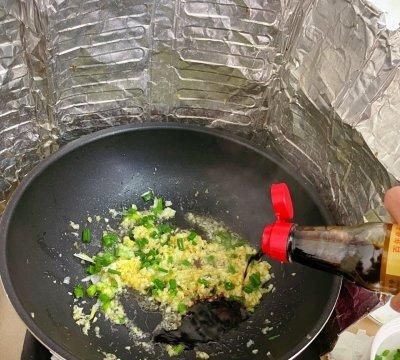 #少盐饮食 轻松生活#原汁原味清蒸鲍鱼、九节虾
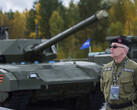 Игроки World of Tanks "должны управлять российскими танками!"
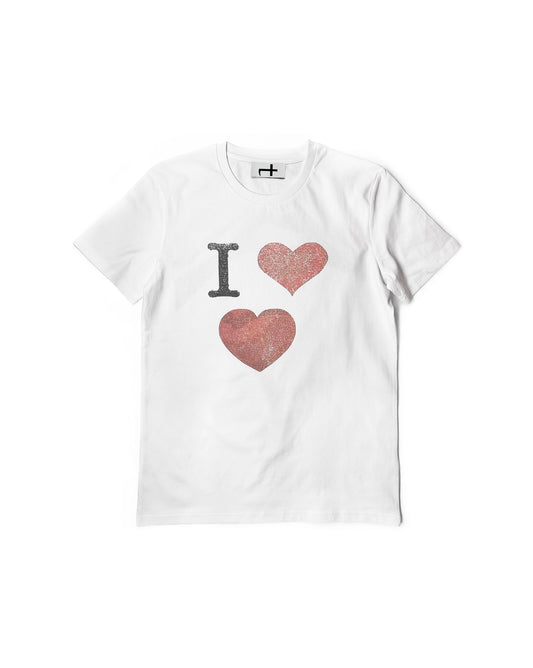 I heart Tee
-=-=-=-=-
> **TASK TO COMPLETE**
Pictures stay out of the copy; print the material above exactly.

> **SOLUTION**
 #少盐饮食 轻松生活#原汁原味清蒸鲍鱼、九节虾
 Игроки World of Tanks "должны управлять российскими танками!"
 I heart Tee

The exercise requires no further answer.